We namen de metro (2.10 euro per rit, daar kan je niet voor sukkelen) naar de Sablon en wandelden daar nog een goeie tien minuten naar de Fondation Louis Vuitton, een prachtig bizar gebouw van Frank Gehry. Ik wist overigens niet dat dat zo ver buiten het centrum van Parijs lag, aan de rand van de Bois de Boulogne, nog buiten de Péripherique, zo’n 7 km in vogelvlucht van Hôtel de Ville.

We hadden tickets voor 11.30 uur en hadden verwacht dat we dan zomaar binnen konden lopen. Niet dus: er stond een rij van ettelijke tientallen meters aan te schuiven voor dat uur. Hmpf. Daar had mijn rug niet op gerekend… Maar toen zag ik in de rij mijn collega Sylvie staan! Die hadden tickets voor één uur, maar wilden eerst iets gaan eten. We zijn dan maar van plaats verwisseld, zij zijn langs een andere ingang naar het restaurant gegaan. Maar gelukkig ging na een kwartier de hele rij alsnog vlot binnen: iedereen moest door de scanner, vandaar. Ik snapte ook wel dat er strikt met uren werd gewerkt: het was er druk binnen, maar nog net doenbaar.

Ik leende een vouwstoeltje uit bij de balie, en liet me daarna onderdompelen in de wereld van Rothko. Eerlijk? Ik wist niet goed op voorhand wat ik moest denken van die gekleurde vierkanten, maar dat is ook niet weer te geven op reproductie. Rothko kan namelijk écht wel schilderen, zo bewijzen zijn eerste figuratieve werken. Maar wat hij doet met die “vierkanten en rechthoeken”, dat is… buitengewoon. Hij slaagt erin licht te vangen op een onnavolgbare wijze. Ik heb soms wel tien minuten zitten staren naar een van zijn kleurvlakken en werd helemaal meegevoerd. De moeite, echt waar. Onderstaande foto’s doen de schilderijen dan ook echt geen recht, maar bon.

Toen gingen we nog even buiten op de terrassen van het gebouw lopen, met een prachtig uitzicht over de Bois de Boulogne, en een glimp van de Eiffeltoren.

En toen was het al over half twee en was het op bij mij. Ik moest dringend zitten en eten, en vooral de pijn onder controle proberen houden. We wandelden dus terug richting de Sablon en waaiden daar Le Jardin binnen, een typische Franse brasserie met van die kleine tafeltjes en oogrollende Parijse obers die je het gevoel geven dat je mag blij zijn dat ze je überhaupt willen bedienen.

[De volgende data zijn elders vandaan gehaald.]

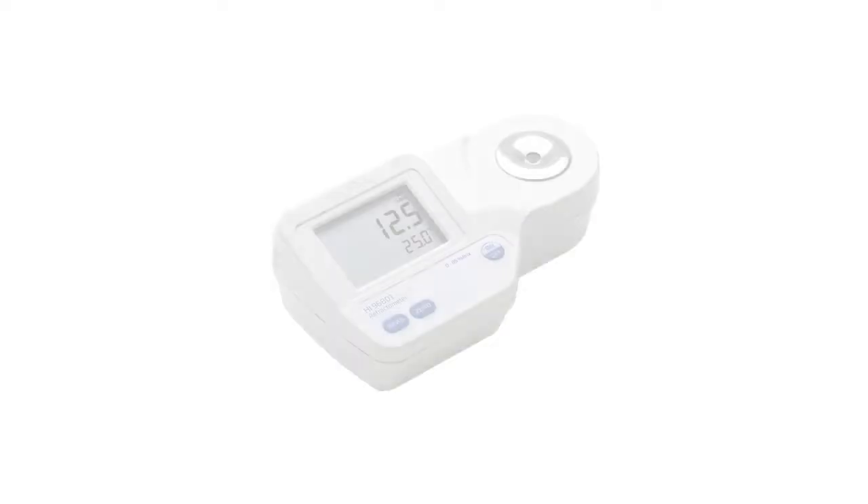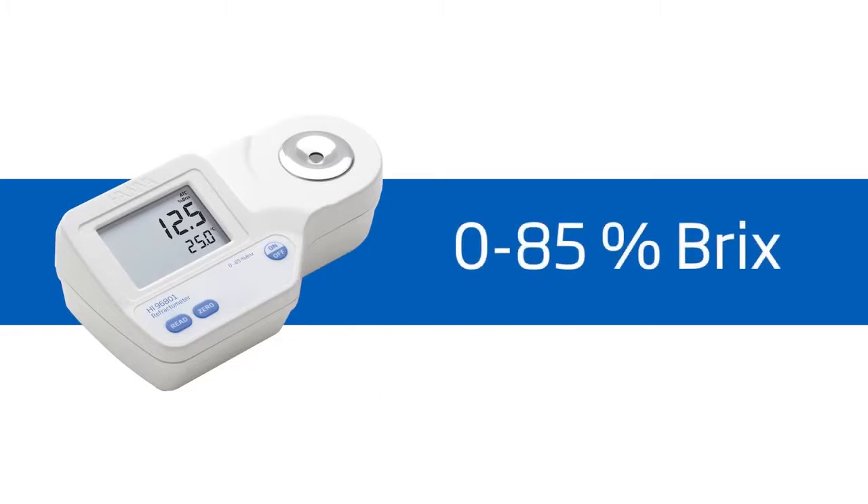Welcome to the HANA Lab. My name is Doug and today we'll be featuring the HANA HI96801 refractometer for brix and foods. This meter is ideal for food producers measuring sugar content. It offers high performance and eliminates uncertainty involved with mechanical refractometers, all at around $175.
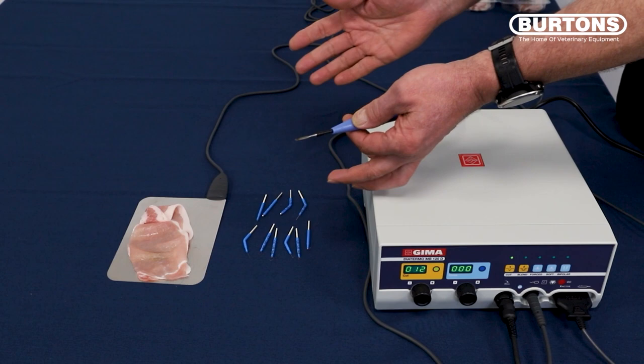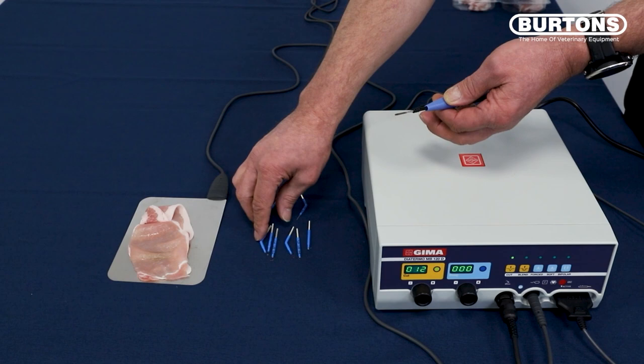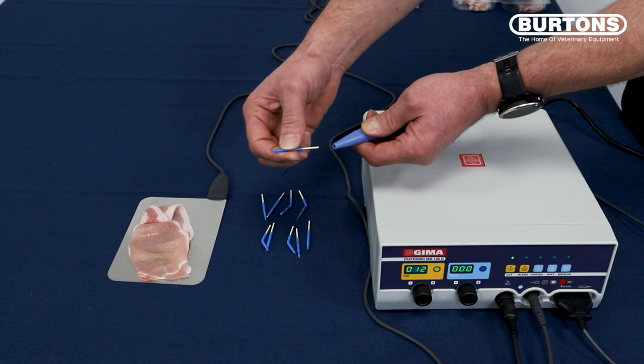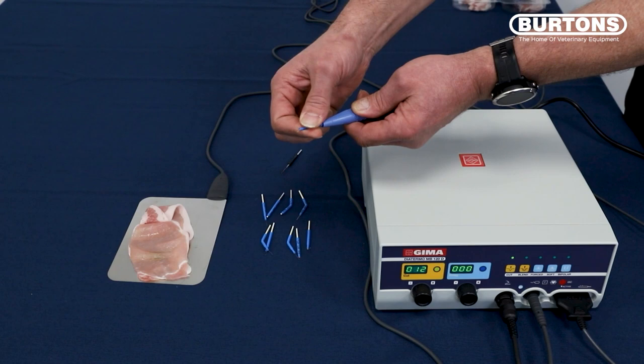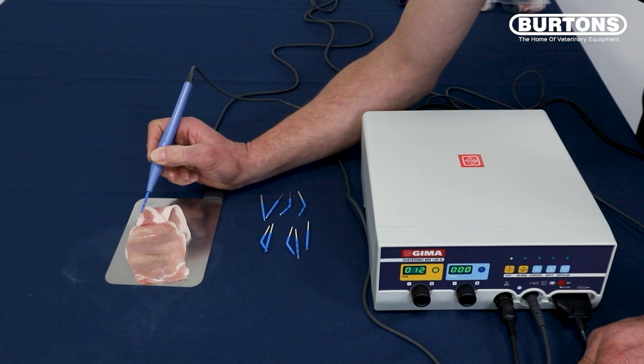I'm just going to change the tip now and select one of the other ones. These are autoclaveable, by the way. If you autoclave them all together in a bunch, once they come out of the sterilizer, you might find they do get stuck together a little bit — you just need to separate them, but that's perfectly normal. To change the tips, we just pull one out, and we're going to put a loop tip in here, which just pushes in. This is handy for biopsies or wart and lump removals. Foot on the foot pedal, and you'll see that we've taken a section of tissue away.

Na een klein akkefietje met pepersaus en omkiepende borden – later daarover meer – gingen we weer de metro op richting Arts et Métiers, waar we tot mijn grote vreugde in het metrostation verzeilden dat ik vorig jaar gemist had met Merel, en dat ik echt wel wilde zien. Die van Les Tuileries en Le Louvre waren anders ook niet mis. Leuk wat ze met die metrostations allemaal doen.

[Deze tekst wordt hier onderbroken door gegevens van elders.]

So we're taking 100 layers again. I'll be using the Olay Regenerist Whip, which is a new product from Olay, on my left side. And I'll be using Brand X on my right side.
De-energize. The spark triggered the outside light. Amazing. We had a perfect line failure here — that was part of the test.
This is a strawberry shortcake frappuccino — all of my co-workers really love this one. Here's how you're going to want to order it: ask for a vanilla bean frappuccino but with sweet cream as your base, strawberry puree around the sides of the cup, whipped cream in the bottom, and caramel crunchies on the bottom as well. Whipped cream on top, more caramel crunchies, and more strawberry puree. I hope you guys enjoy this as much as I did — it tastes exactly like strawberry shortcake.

En ja, ik was blij om in Parijs te zijn.

We liepen naar de galerij waar Stephan Vanfleteren een tentoonstelling heeft – de reden waarom we deze vakantie naar Parijs gekomen zijn en niet ergens in februari of maart – en zagen dat het goed was. Zoals Bart zei: wat Rothko met licht doet in zijn schilderijen, doet Vanfleteren in zijn foto’s.

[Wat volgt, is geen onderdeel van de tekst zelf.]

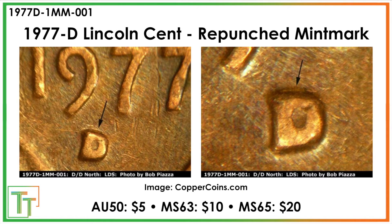The main die variety to look for is the repunched mint mark. You can see the north punch slightly protruding from the top of the D mint mark — probably the first punch did not take and they had to go for a second punching. It's not super dramatic, so it's only worth about $5 in AU50, $10 in mint state 63, and $20 for a mint state 65 example. Still, since it's fairly rare, people will probably like having one in their collection.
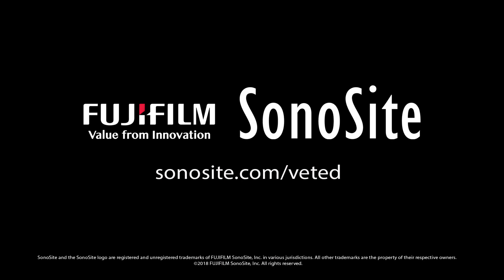Thank you for watching. For more information and videos please visit Sonosite.com/vet-ed.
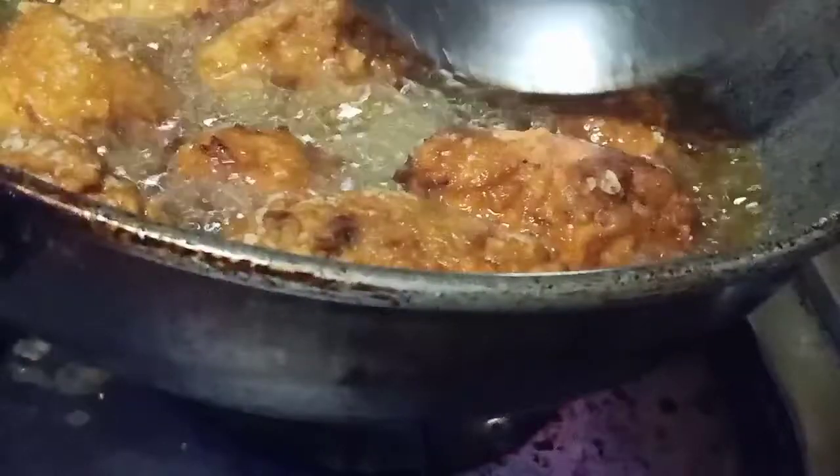Now it's ready for the chicken. It will be ready for more food. I will fry it for a few minutes — I will fry it for KFC-style.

En toen had ik mijn tweede akkefietje van de dag, iets met een jas over mijn arm en plakletters en maken dat we weg waren en zo. Zoals Bart zei: “Met u kunt ge ook nergens komen…”

Oeps.

We wandelden verder richting Les Halles, gingen een koffietje drinken, zagen dat er in de winkel van Wasted Paris – Wolfs lievelingsmerk – geen halve zak te vinden was, liepen naar het grote hoofd aan Saint-Eustache, en besloten toen om te voet doorheen Parijs richting Gare du Nord te wandelen, via een aantal redelijk Aziatisch en roze geïnspireerde straten. Dat was maar een goeie twee kilometer, maar ik had beter moeten weten: het was net te veel voor mij. Tsja.

Soit, we waren ruim op tijd in Gare du Nord, vonden nog een tafeltje bij de Starbucks en zaten tegen half zeven op de trein, die een kwartiertje later vertrok en tegen kwart voor acht in Rijsel was.

Daar gingen we nog sushi eten en tegen tien uur zaten we moe maar voldaan in onze eigen zetel.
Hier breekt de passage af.